> **What to produce**
Please go line by line and repeat the data below exactly, with no images.

> **Exercise material**
+ + + + +

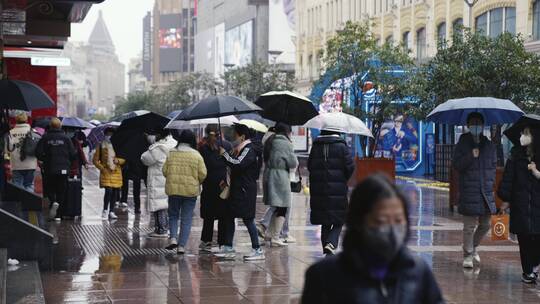 下雨天上海南京路行人撑伞走过拥挤繁忙倒影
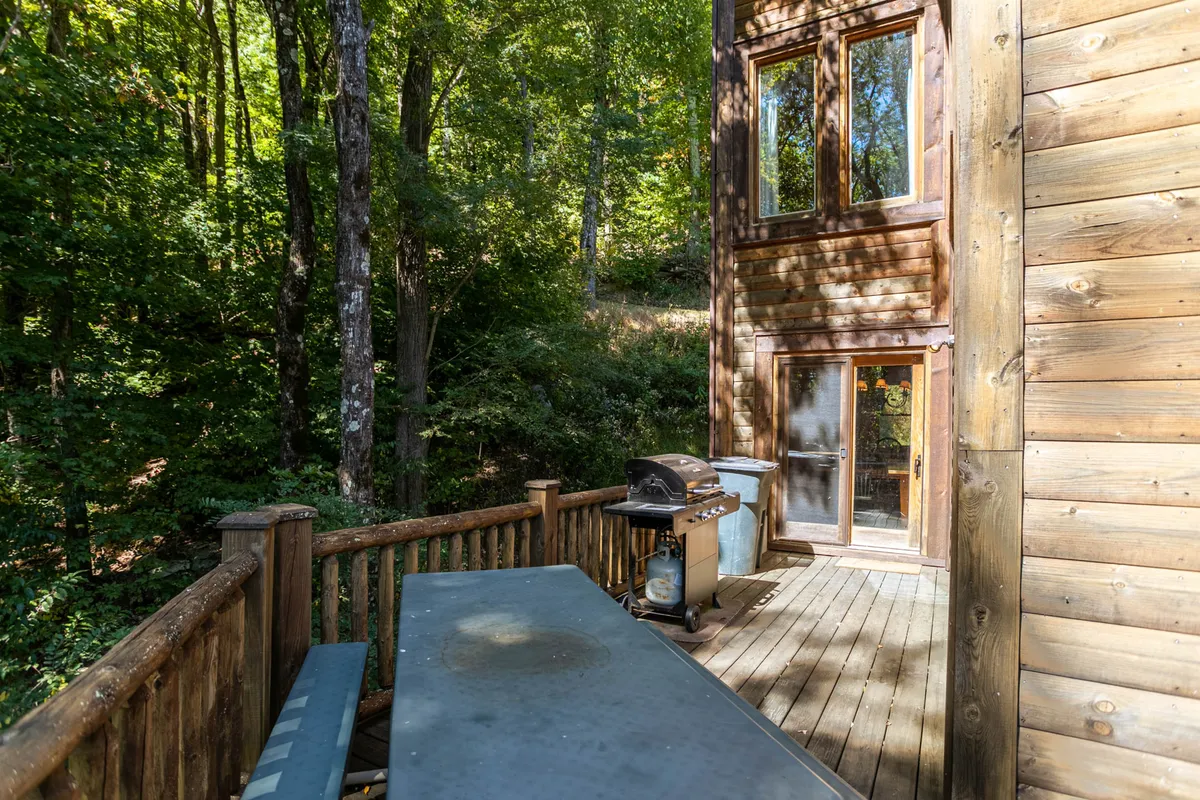 A wooden deck with a gas grill and outdoor dining setup, surrounded by tall trees. The deck offers the perfect setting for al fresco meals, barbecues, or simply relaxing while soaking in the mountain air and scenic views.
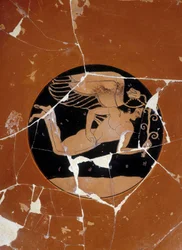 Attic cup with red figures (detail) signed by the potter Kachrylion representing a Greek heros under the guise of a handsome young man wing (May be Eros), 510 BC. Greek ceramic restored. Museo archeologico Firenze. Archaeological Museum of Florence. (detai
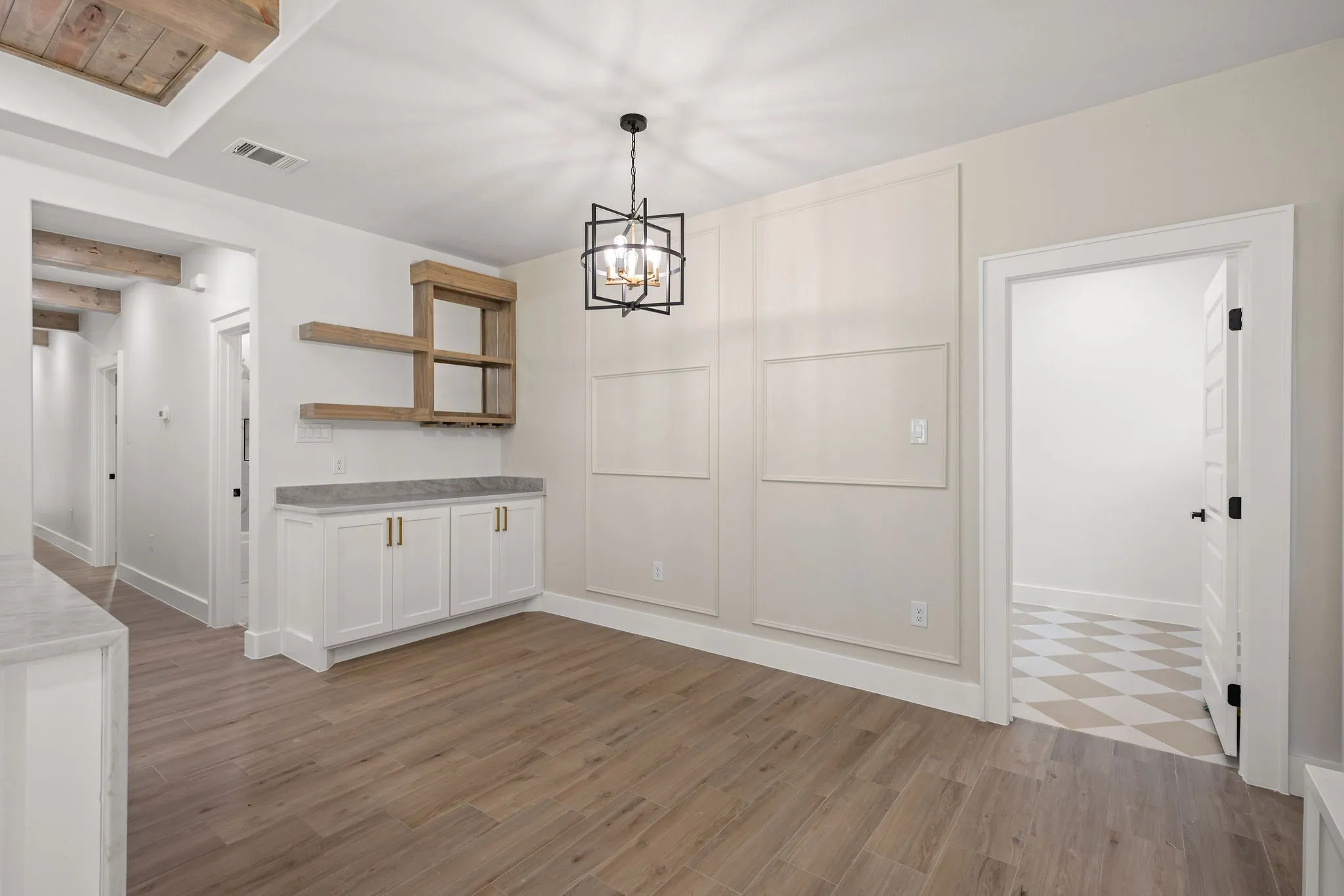 Open-concept living area featuring wood-finish flooring, a built-in dry bar with wood shelving and lower cabinetry, and a geometric chandelier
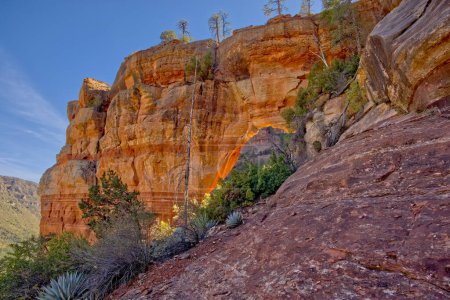 Photo for View from the north side of the Pendley Arch north of Sedona Arizona. The arch is in the Coconino National Forest just outside of Slide Rock State Park. - Royalty Free Image
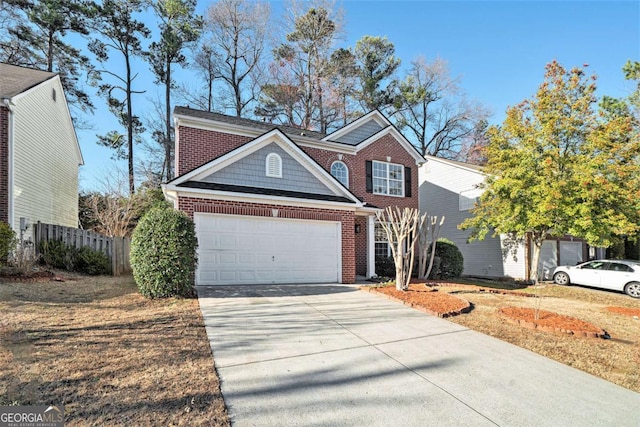 view of front facade with an attached garage, fence, concrete driveway, and brick siding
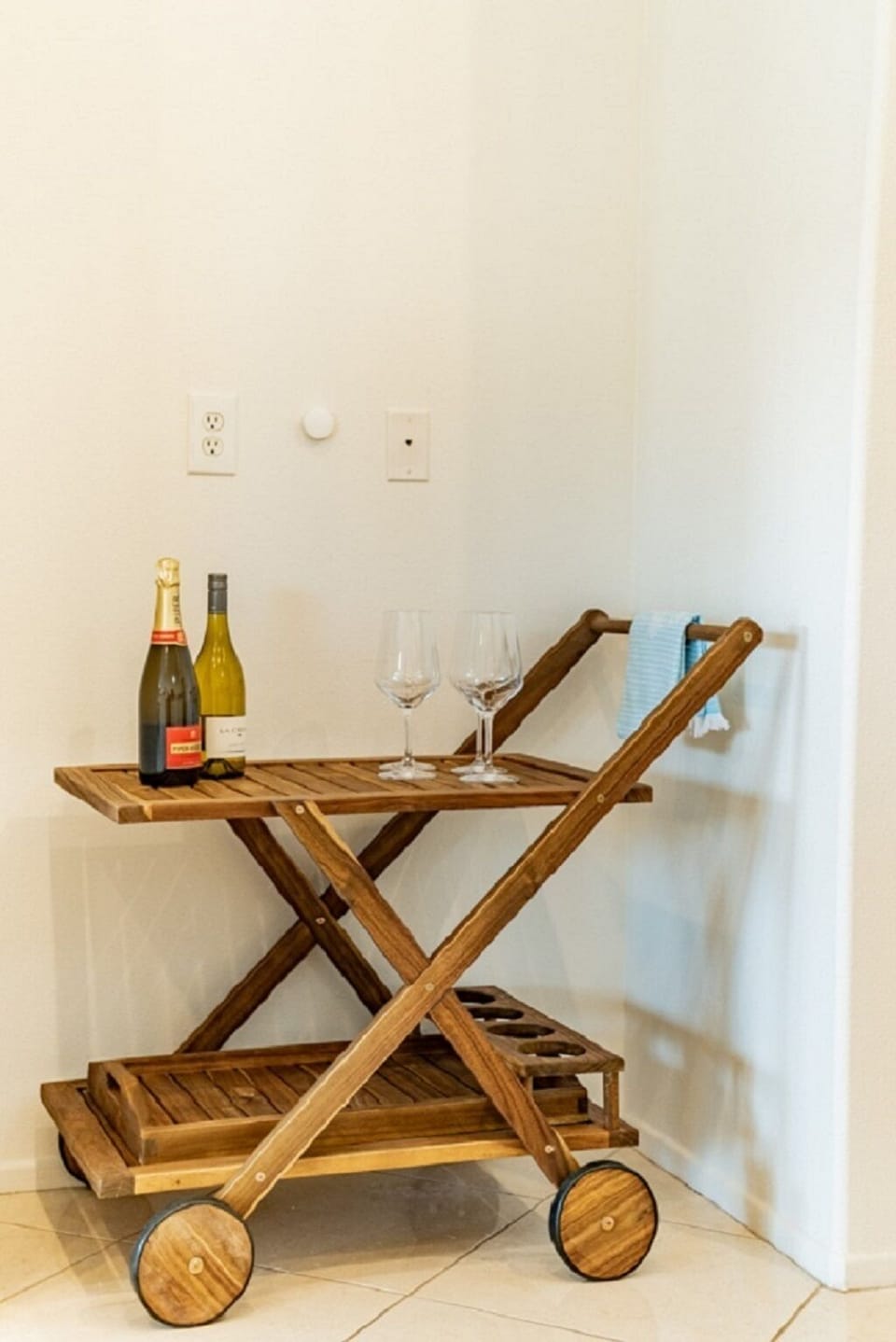 Bar kart that can be wheeled outside for drinks by the pool!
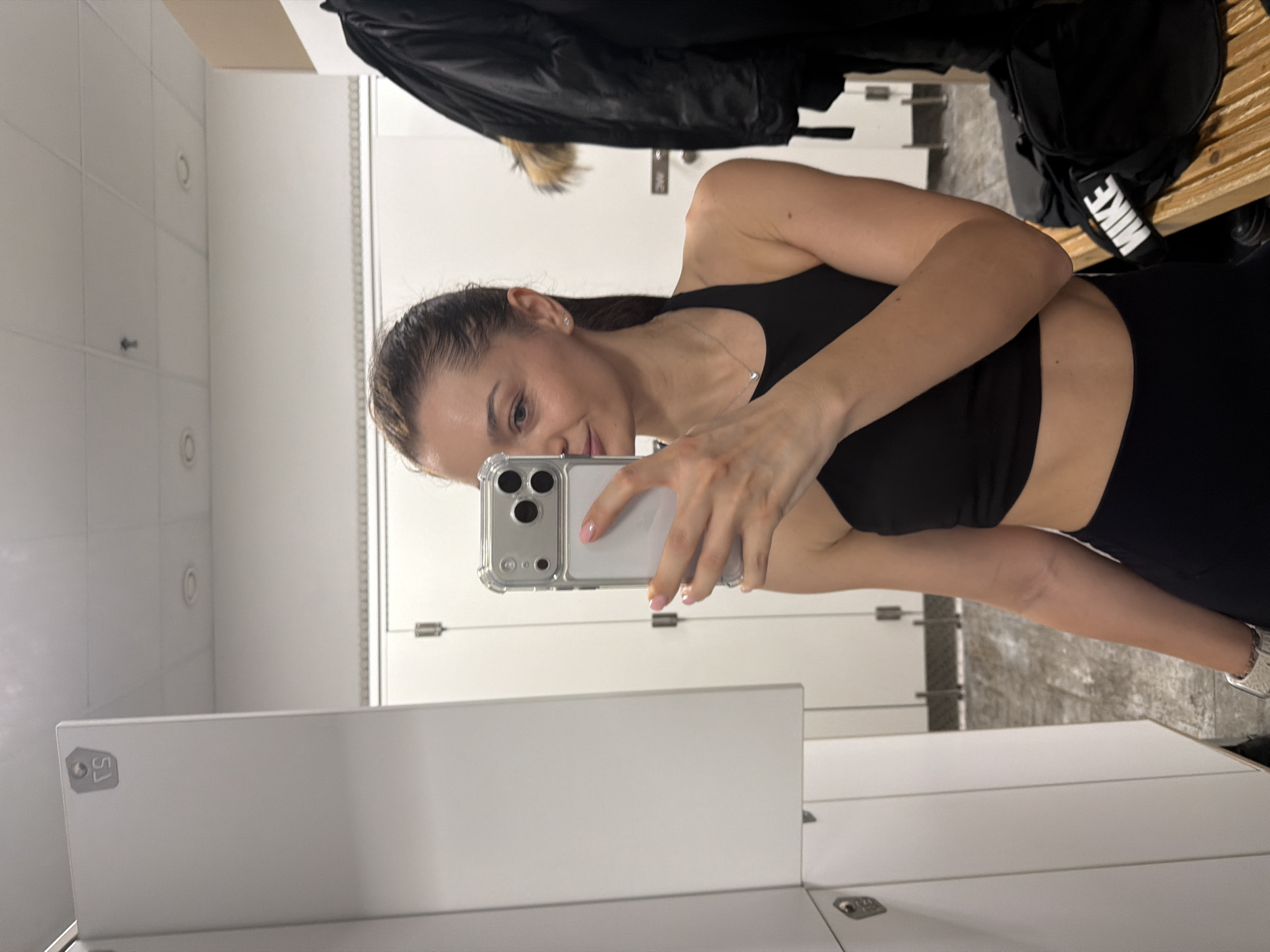 A woman is taking a selfie in what appears to be a locker room. She is wearing a black sports bra and leggings. She is holding a silver-colored iPhone in her left hand. The background shows white lockers. A black jacket and a black Nike bag are visible on the bench. It is impossible to determine the location in the city of Varna, Bulgaria from the image alone.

+ + + + +

> **Response**
 下雨天上海南京路行人撑伞走过拥挤繁忙倒影
 A wooden deck with a gas grill and outdoor dining setup, surrounded by tall trees. The deck offers the perfect setting for al fresco meals, barbecues, or simply relaxing while soaking in the mountain air and scenic views.
 Attic cup with red figures (detail) signed by the potter Kachrylion representing a Greek heros under the guise of a handsome young man wing (May be Eros), 510 BC. Greek ceramic restored. Museo archeologico Firenze. Archaeological Museum of Florence. (detai
 Open-concept living area featuring wood-finish flooring, a built-in dry bar with wood shelving and lower cabinetry, and a geometric chandelier
 Photo for View from the north side of the Pendley Arch north of Sedona Arizona. The arch is in the Coconino National Forest just outside of Slide Rock State Park. - Royalty Free Image
 view of front facade with an attached garage, fence, concrete driveway, and brick siding
 Bar kart that can be wheeled outside for drinks by the pool!
 A woman is taking a selfie in what appears to be a locker room. She is wearing a black sports bra and leggings. She is holding a silver-colored iPhone in her left hand. The background shows white lockers. A black jacket and a black Nike bag are visible on the bench. It is impossible to determine the location in the city of Varna, Bulgaria from the image alone.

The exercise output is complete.